Faktor kedua adalah persediaan minyak sawit dipelabuhan China juga terbilang cukup tinggi diatas level 1 juta ton per Desember 2012. Tentunya ini akan membuat import minyak sawit China menurun. Persediaan minyak sawit Malaysia di bulan Desember 2012 juga naik 2.4% menjadi 2.63 juta ton, export minyak sawit Malaysia juga mengalami penurunan sebanyak 25% atau hanya 373.462 ton. Selain itu India juga menaikkan pajak importnya menjadi 2.5% untuk komoditi minyak sawit, hal ini akan mengakibatkan pelemahan untuk ekpor minyak sawit.
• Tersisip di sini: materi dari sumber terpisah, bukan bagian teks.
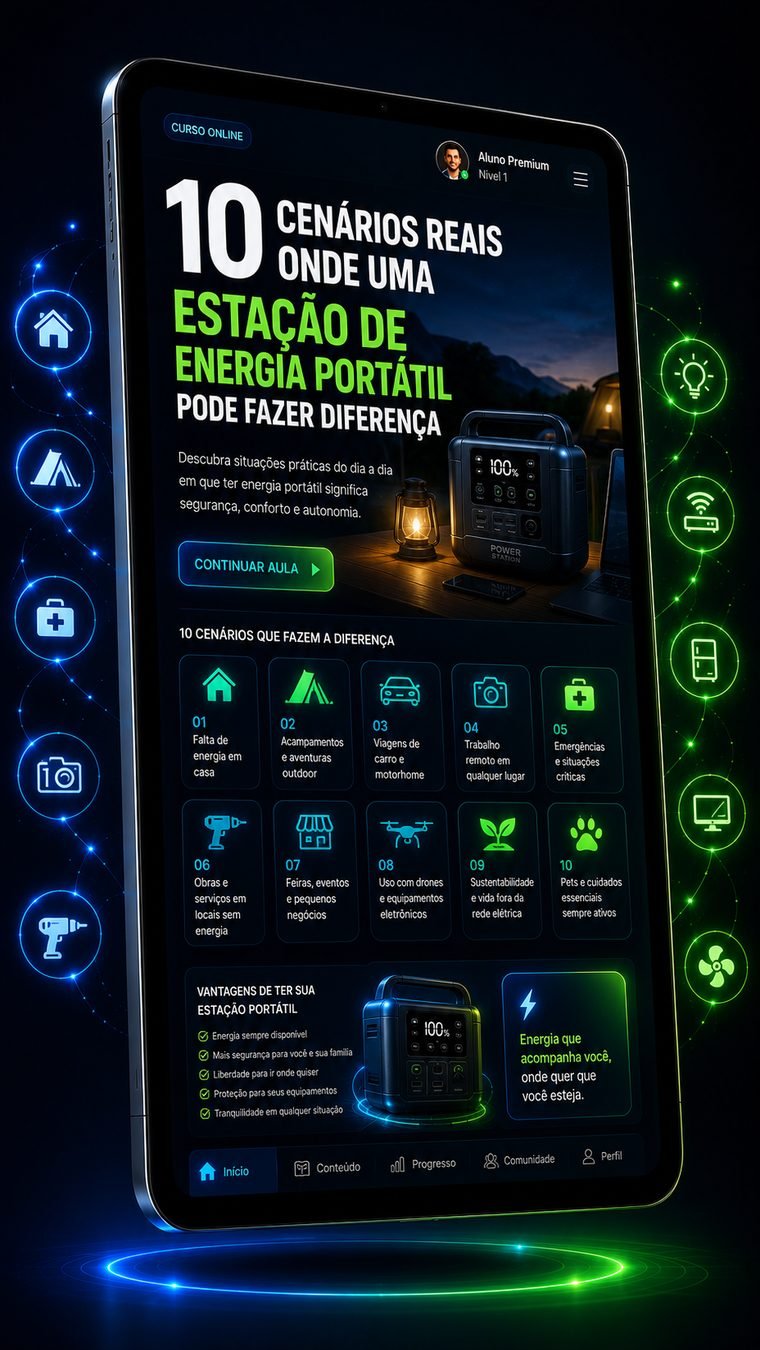 Mockup do curso — 10 Cenários Reais Onde uma Estação de Energia Portátil Pode Fazer Diferença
Faktor ketiga adalah mengenai lambatnya pemulihan harga minyak sawit dunia. Harga rata rata komoditi minyak sawit di bulan Januari 2013 adalah RM 2.222 (Ringgit Malaysia) per ton, sedangkan harga rata rata di periode yang sama tahun lalu adalah RM 3.182 per ton. Di tambah kenaikan upah minimum pekerja tidak hanya terjadi di Indonesia tetapi juga di Malaysia sekitar 9-49%. Upah pekerja memiliki 30-50% bagian dari perhitungan biaya produksi.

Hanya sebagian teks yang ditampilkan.